▶ TASK STATEMENT
Would you transcribe the records below exactly, omitting every picture?

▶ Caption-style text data
######

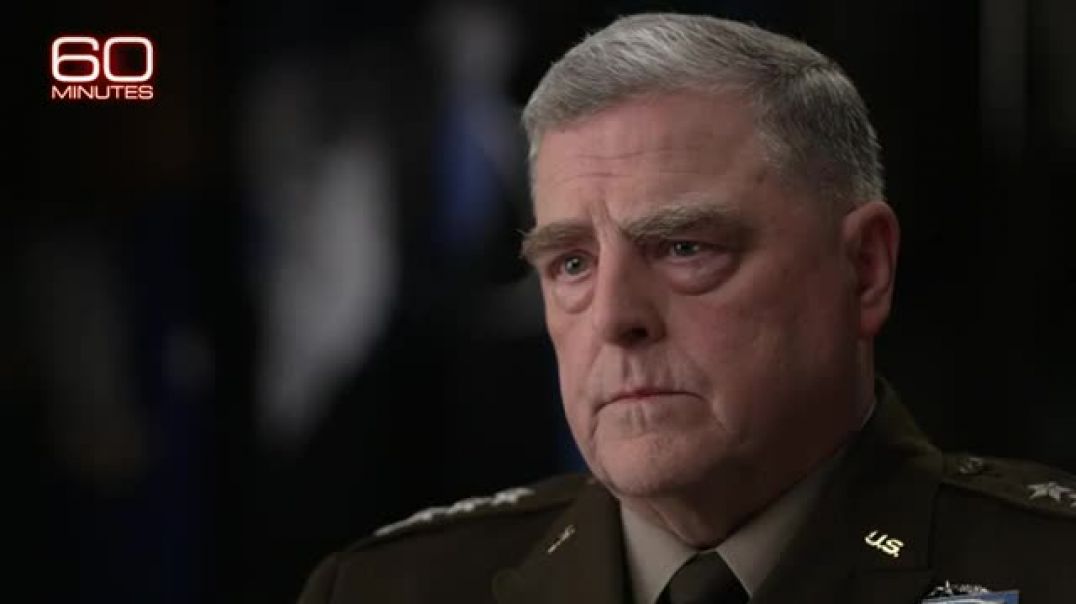 Gen. Milley responds to Trump post accusing general of treason | 60 Minutes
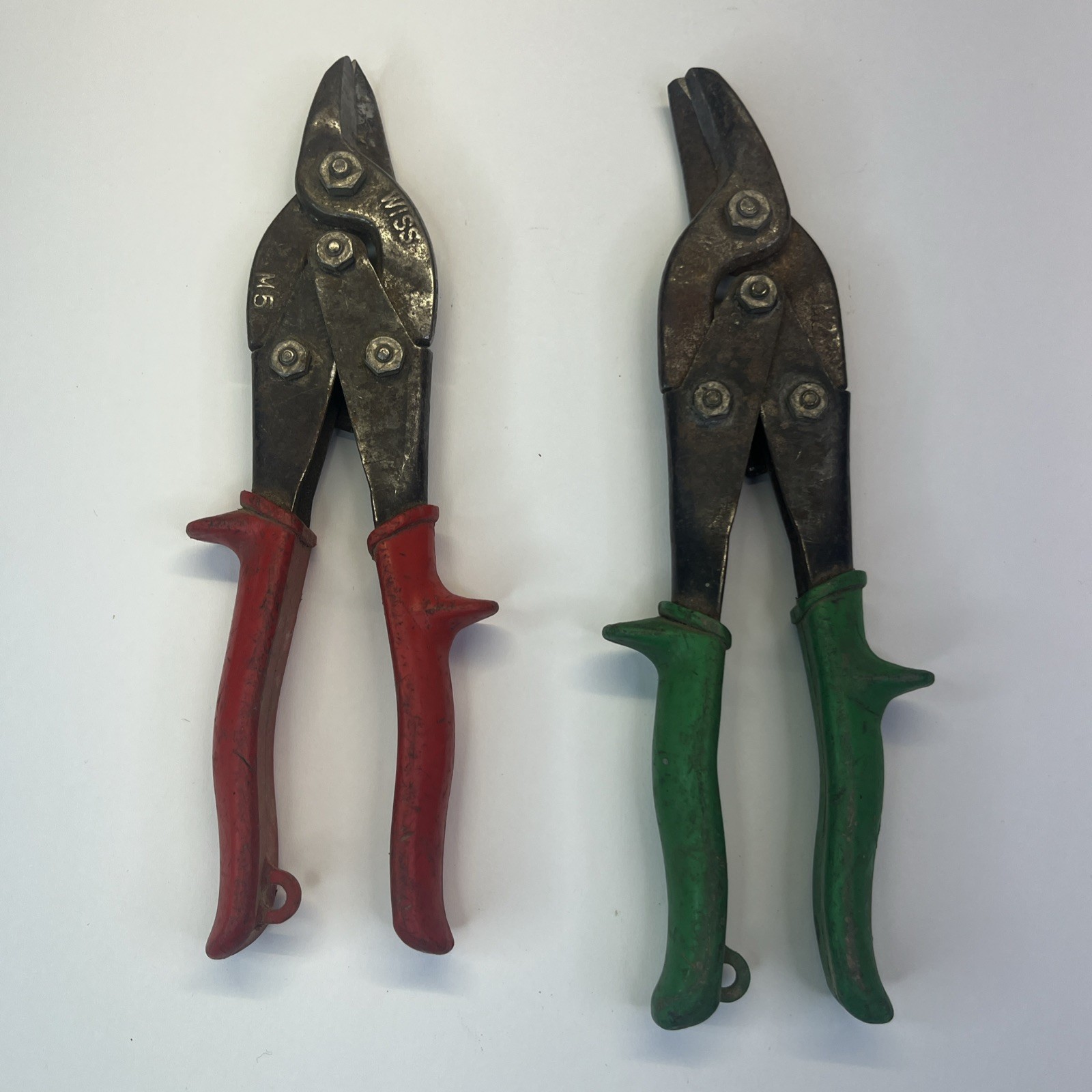 Wiss M2 Aviation Snips/Sheet Metal Shears M5 Red And Green
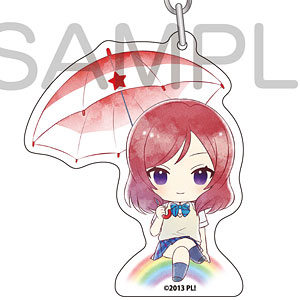 ラブライブ！ 傘っこ アクリルキーホルダー 西木野真姫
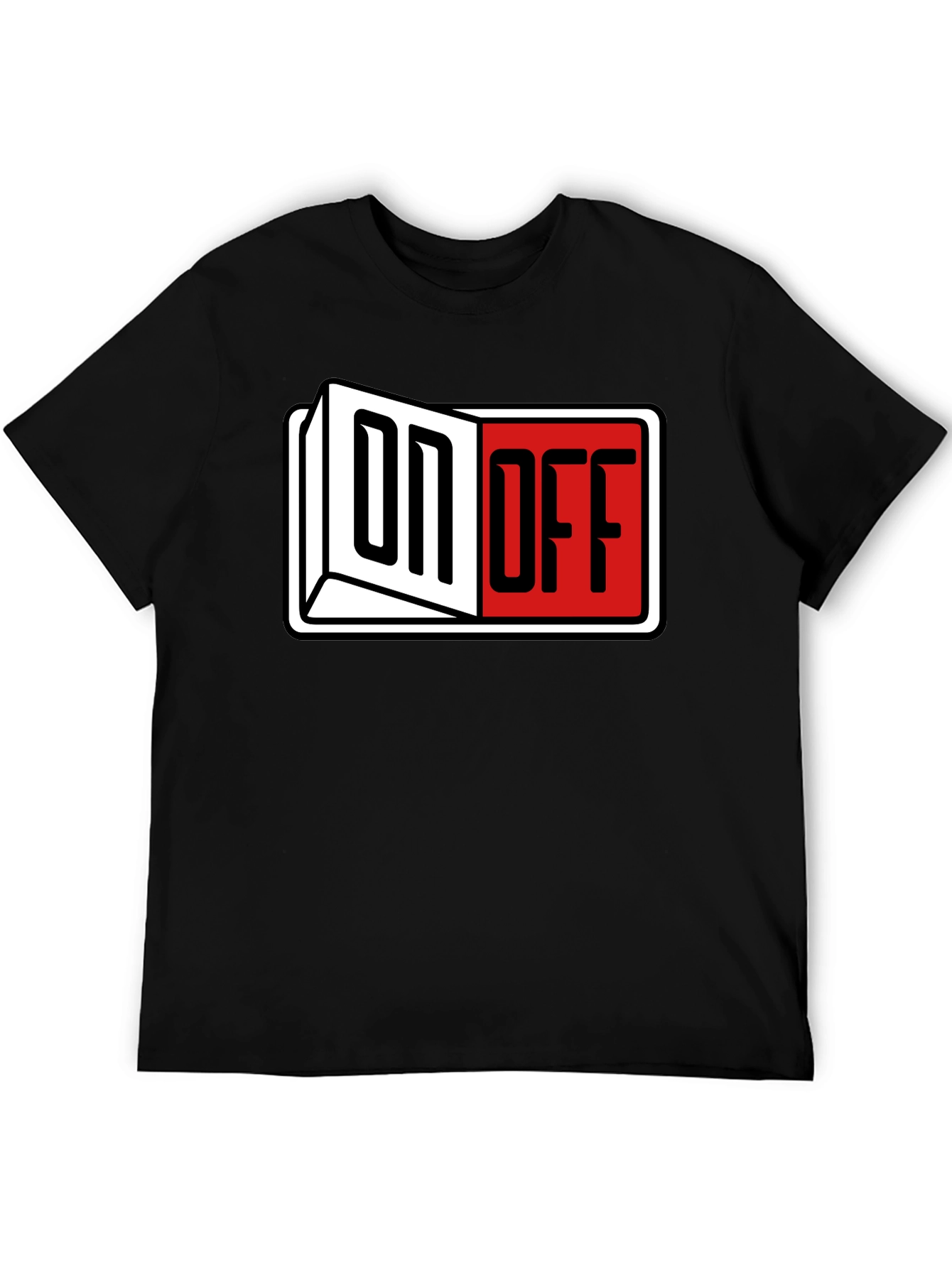 On Off Graphic T-Shirt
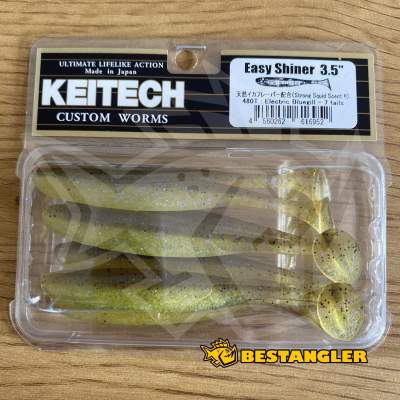 Keitech Easy Shiner 3.5" Electric Bluegill - #480
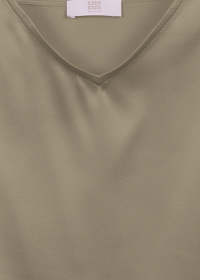 Riani TOP AUS SILK SATIN STRETCH Sonderangebot der Fabrik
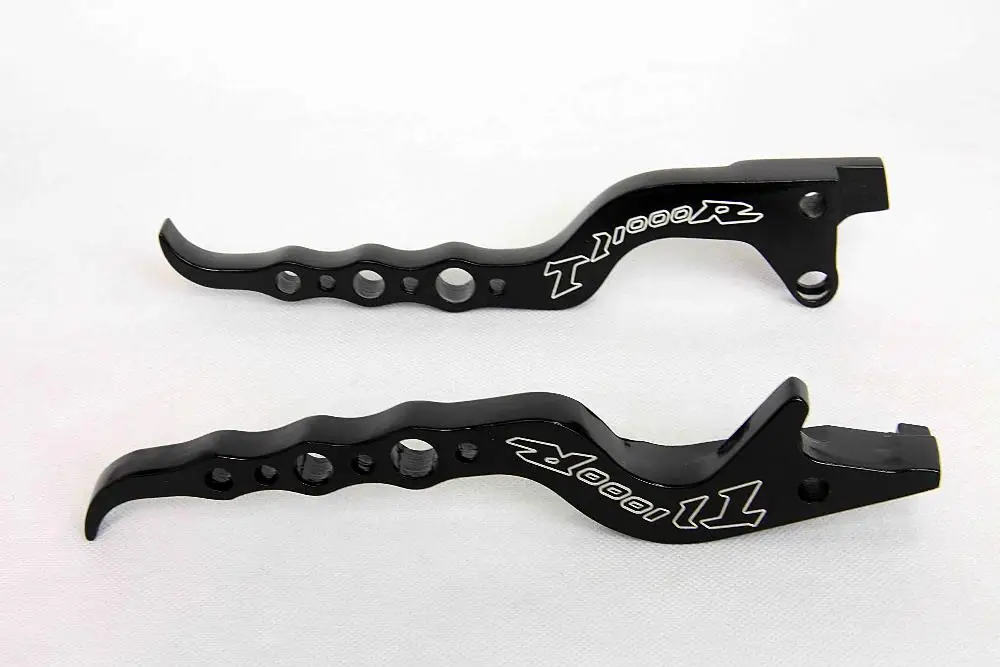 

Brake Clutch Handle Levers fit for Suzuki TL1000R All Years Motorcycle Billet Aluminum Black / Chrome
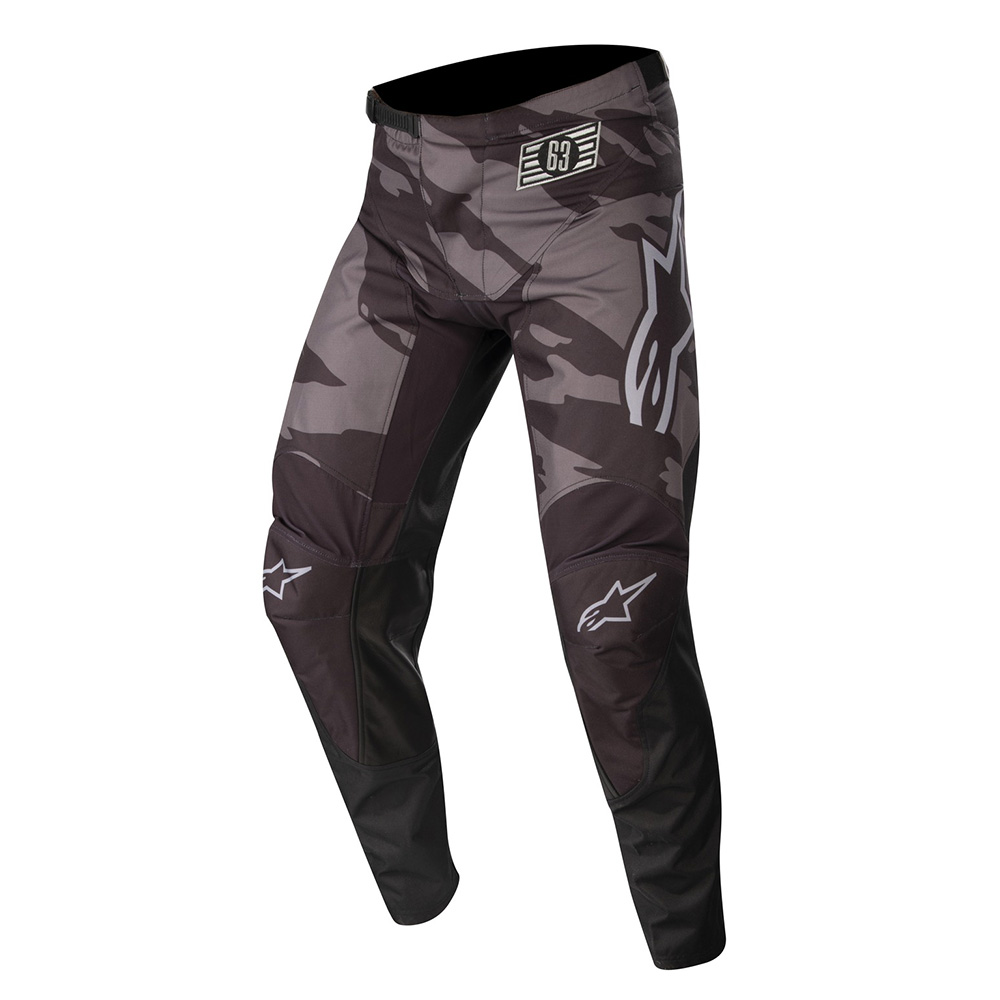Motokrosové kalhoty Alpinestars Racer Tactical černá/šedá  černá/šedá  40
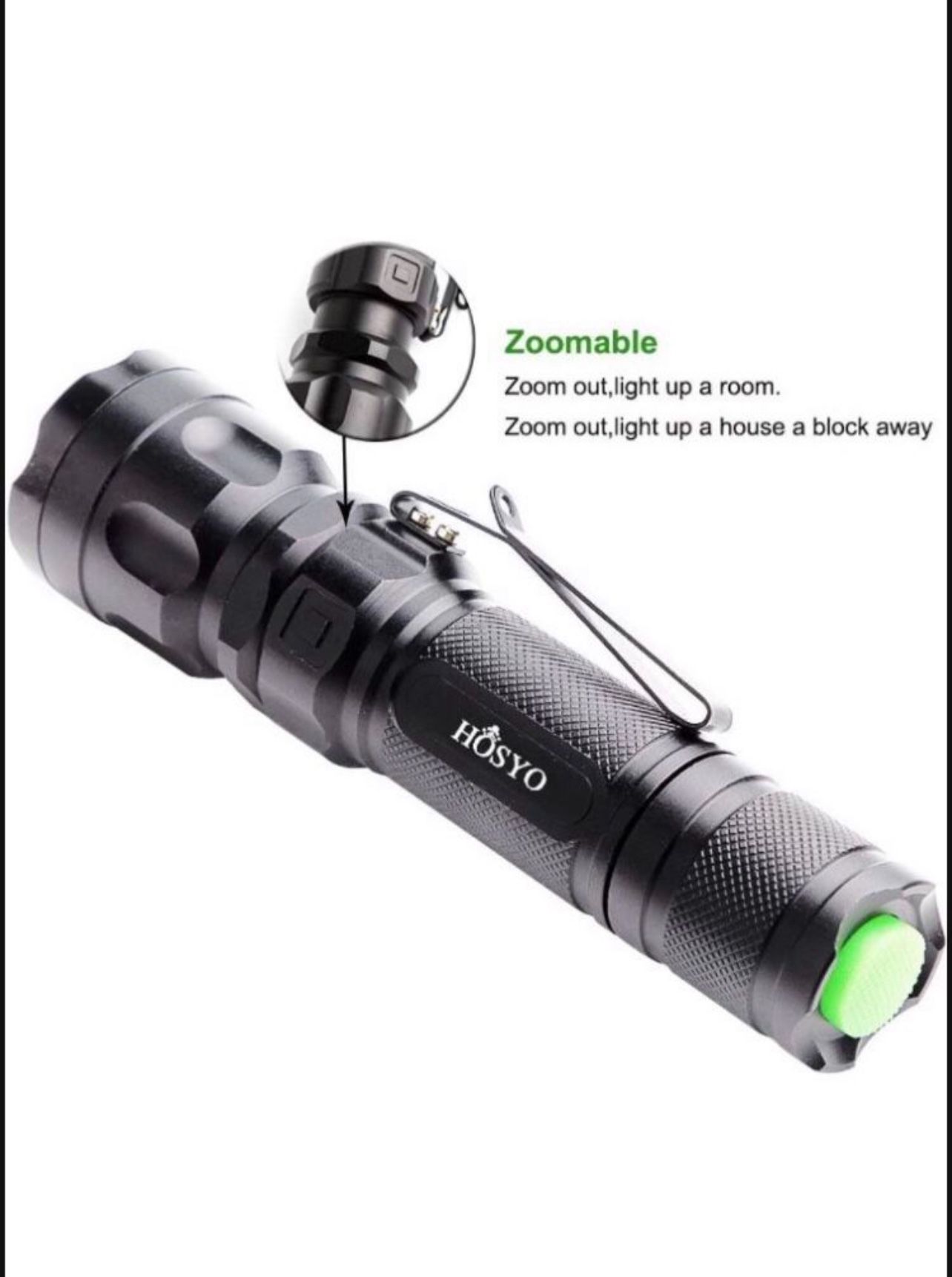 Led Tactical Flashlight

######

▶ ANSWER TO THE EXERCISE
 Gen. Milley responds to Trump post accusing general of treason | 60 Minutes
 Wiss M2 Aviation Snips/Sheet Metal Shears M5 Red And Green
 ラブライブ！ 傘っこ アクリルキーホルダー 西木野真姫
 On Off Graphic T-Shirt
 Keitech Easy Shiner 3.5" Electric Bluegill - #480
 Riani TOP AUS SILK SATIN STRETCH Sonderangebot der Fabrik

Brake Clutch Handle Levers fit for Suzuki TL1000R All Years Motorcycle Billet Aluminum Black / Chrome
Motokrosové kalhoty Alpinestars Racer Tactical černá/šedá  černá/šedá  40
 Led Tactical Flashlight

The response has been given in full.